Perbaikan Kurikulum Butuh Pemerataan Infrastruktur dan Kompetensi
Oleh
DEONISIA ARLINTA
·2 menit baca
JAKARTA, KOMPAS – Pada era revolusi industri 4.0, sektor pendidikan terus beradaptasi pada perubahan yang terjadi. Sistem pembelajaran pun didorong dengan menerapkan teknologi pembelajaran berbasis digital. Namun, jika pemerataan kompetensi guru dan infrastruktur jaringan internet belum tuntas, upaya yang dilakukan tidak akan optimal.
“Masalah bangsa Indonesia kompleks. Jadi memang tidak mudah untuk berubah. Meski begitu, secara sistem sudah diarahkan ke sana (revolusi industri 4.0),” ujar Kepala Bidang Teknologi Pembelajaran Berbasis Multimedia dan Web Pusat Teknologi Informasi dan Komunikasi Pendidikan dan Kebudayaan (Pustekom) Kementerian Pendidikan dan Kebudayaan Gatot Pramono dalam acara Telkom Digisummit 2019 di Jakarta, Kamis (11/4/2019).

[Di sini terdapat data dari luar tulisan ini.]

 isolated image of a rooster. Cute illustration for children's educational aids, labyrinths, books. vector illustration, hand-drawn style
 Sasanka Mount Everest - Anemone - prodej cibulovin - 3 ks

Ia mengatakan, penerapan kurikulum 2013 merupakan satu sistem yang dibangun untuk mendukung sumber daya manusia yang lebih kompeten saat ini. Pada jenjang pendidikan dasar dan menengah, para siswa dituntut menerapkan kemampuan berpikir tingkat tinggi. Metode pembelajaran tidak lagi berpusat pada guru, melainkan pada siswa.
Meski begitu, Gatot mengakui, masih banyak kendala yang harus diselesaikan. Penguasaan teknologi, penerapan kurikulum, serta materi yang diajarkan belum sesuai dengan yang diharapkan.

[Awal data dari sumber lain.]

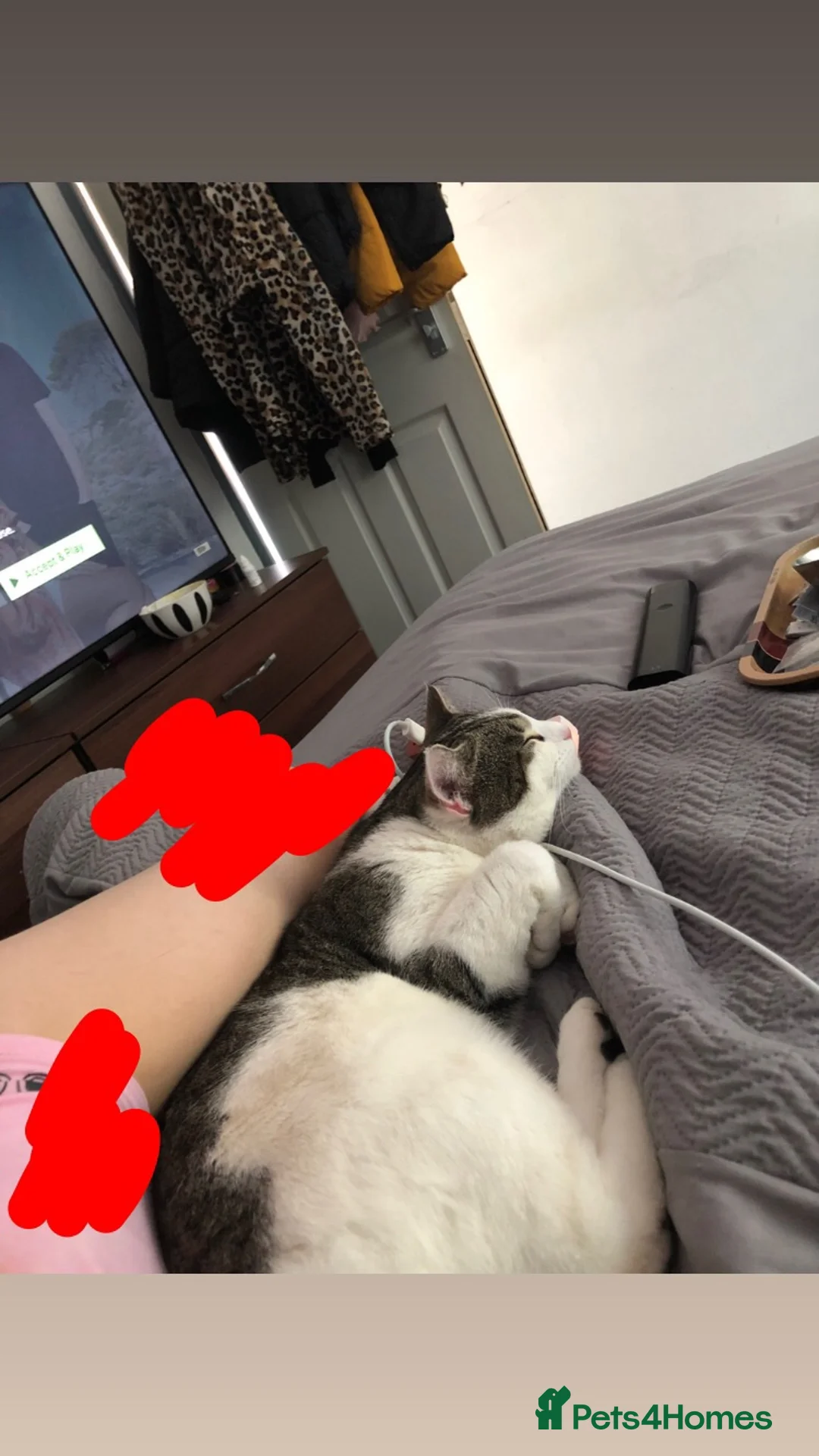 British Shorthair cats for sale: One 2 year old male - Advert 3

Selain itu, peran teknologi komunikasi dan informasi dalam peningkatkan aktivitas pendidikan juga perlu dievaluasi. Sampai saat ini, belum ada data dan riset terkait hal itu.

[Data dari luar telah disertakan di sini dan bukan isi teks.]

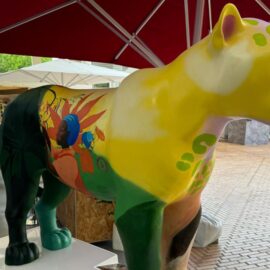 El papel del jaguar en la COP16: Conozca la historia ancestral detrás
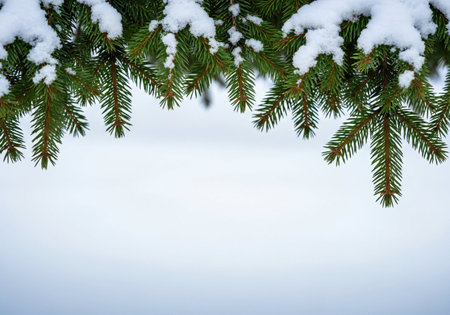 Fir tree branches covered with snow. Winter background. Copy space.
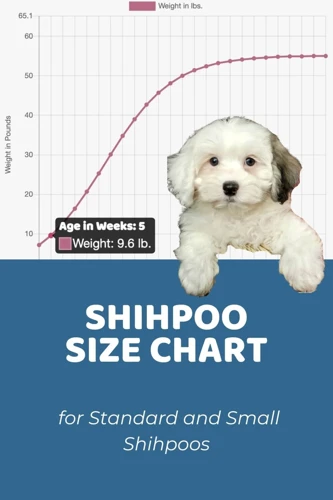 How Shih Poo Ancestry Sheds Light On Their Unique Features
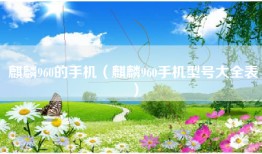 麒麟960的手机（麒麟960手机型号大全表）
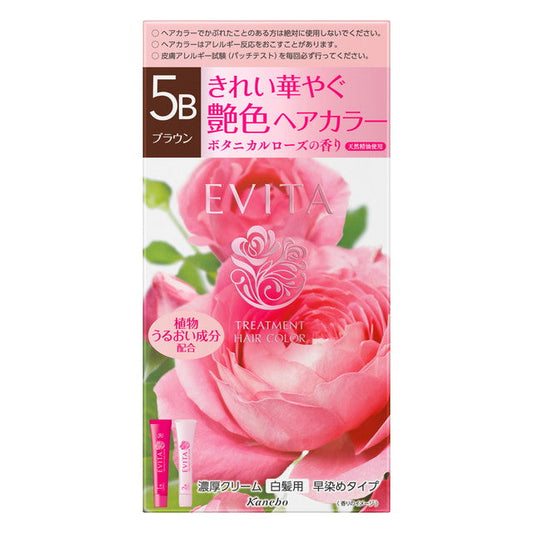 Kanebo Evita Treatment Hair Color 5B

"Pemerintah sedang menyiapkan aplikasi khusus yang bisa menyediakan transaksi pendidikan yang sedang berjalan. Lewat aplikasi ini akan bisa melihat pola perilaku siswa dan guru sehingga nanti bisa tahu pada titik mana yang harus diperbaiki," ucap Gatot.
Lintas sektor
CEO Pendidikan.id Santoso Suratso berpendapat, berbagai tantangan yang dihadapi bangsa Indonesia di bidang pendidikan harus diselesaikan oleh lintas sektor. Konsep kolaborasi sebenarnya sudah diketahui dan dipahami bersama, namun pelaksanaannya yang sampai saat ini belum berjalan efektif.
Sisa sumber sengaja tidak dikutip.